Developers are proposing to build two 22-story hotels, several 12-story office buildings and a three-story galleria-style shopping mall to be anchored by two major department stores. Residents say they are worried about the impact of increased height within the proposed development, on a 107-acre site west of Tysons Corner shopping center across Dolley Madison Boulevard near International Drive.

But the developer said the increased height will not raise the density of the proposed project but will provide for 30 percent open space and a diversity of building heights. H-L Land Improvements Venture is a wholly owned subsidiary of Homart Development Co., part of Coldwell Banker Real Estate, which is owned by Sears, Roebuck and Co. H-L Land is developing the site with Bethesda-based Tysons II Development Co.

McLean Citizens Association officials have tried to refute a claim by the developers that they could build a series of 12-story office buildings on the site under its present C-7 zoning and get by with providing only basic traffic improvements -- a contention that generally has been supported by county staff. That is exactly what H-L Land had in mind when it purchased the site jointly with Theodore Lerner, one of the three former owners of the site, just minutes before ownership of the property was to have been settled in a courtroom in March 1983.

Attorney John T. (Til) Hazel convinced H-L Land officials to seek a PDC (planned development commercial) zoning rather than simply build more office buildings. As part of the PDC plan, the development company is offering to widen Dolley Madison Boulevard to six lanes between the Beltway and International Drive, build a six-lane International Drive, relocate West Park Drive and construct a new four-lane road through the entire Tysons II project.

However, there continues to be confusion over what H-L Land could build on the site "by right" as it is presently zoned.

In an Aug. 21 "memo for the record," Fairfax Zoning Administrator Philip Yates said that any development of the present site based on proffers, or offers, made in the 1978 rezoning would be subject only to review and approval of the final site plan by the county's planning commission. The memo was issued to clarify the status of the site should the current rezoning effort fail.

If the site is developed "absent a regional shopping center," office buildings can be built as long as they conform to the county's C-7 commercial zoning regulation, according to the memo.

Yates ruled that "there is no written proffer, however, which limits the FAR floor area ratio below that which can be realized under the C-7" -- in other words, there had been no written promise during the 1978 rezoning to limit buildings' height to under 12 stories. Yates also said that the buildings, location and dimension shown on the 1978 plan were for "illustrative purposes only" and "shall not be considered binding for purposes of the final development plan."

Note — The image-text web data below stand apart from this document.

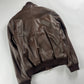 Givenchy Brown Leather Removable Collar Bomber Jacket FW 2006 - L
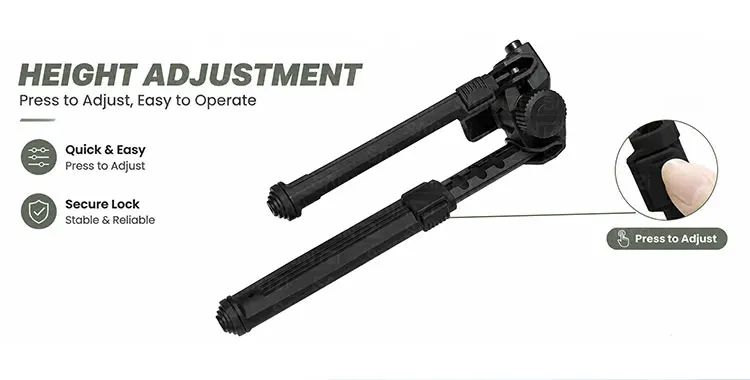 Tactical Tripod for Outdoor Shooting Sight Scope Bracket product detail 2
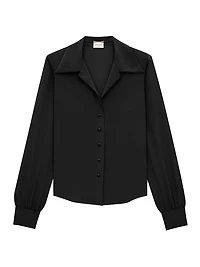 Blouse in Silk Crepe De Chine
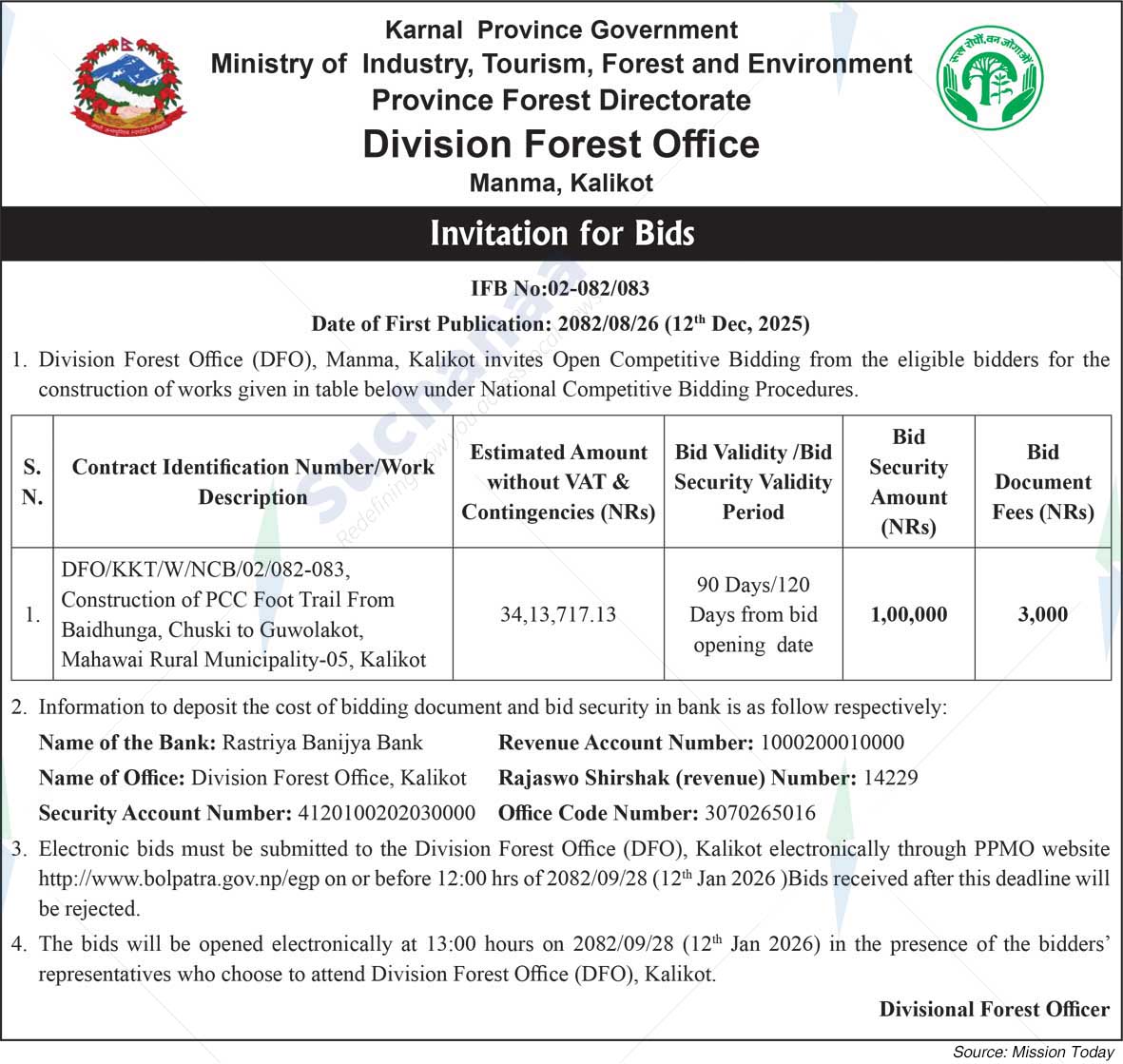 Division Forest Office, Manma, Kalikot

Yates said that 12-story buildings could be built without additional actions by the board of supervisors. "These 1978 proffers clearly suggest substantial flexibility in the development of the property without a regional shopping center," according to Yates' memo.

Wayne Angle, the H-L Land executive who recently moved to McLean to head the project, said he thinks that "too much time has been spent on the history and not enough time spent on the amenities and mixed-used plan such as the Tysons II project offers this area."

However, there is also confusion over what is meant by the term "mixed use" when applied to a rezoning or land development plan change. The H-L Land proposal for Tysons II is a mixed-use plan incorporating commercial, hotel and office buildings in a single development. Angle said this week that he sees the 107-acre package as a "great opportunity" to develop a "flagship project" for his company. "It is rare for a company to get such a chance," Angle said.

Several lawyers cautioned McLean residents not to attach too many conditions to whatever they decide to recommend to the county planning staff. "If you give them developers too much to choose from, you cannot be sure what you will get. He can satisfy 50 percent of what you are asking for and that can sound pretty good to the county, but he may not have included what was at the top of your priority list," one attorney cautioned.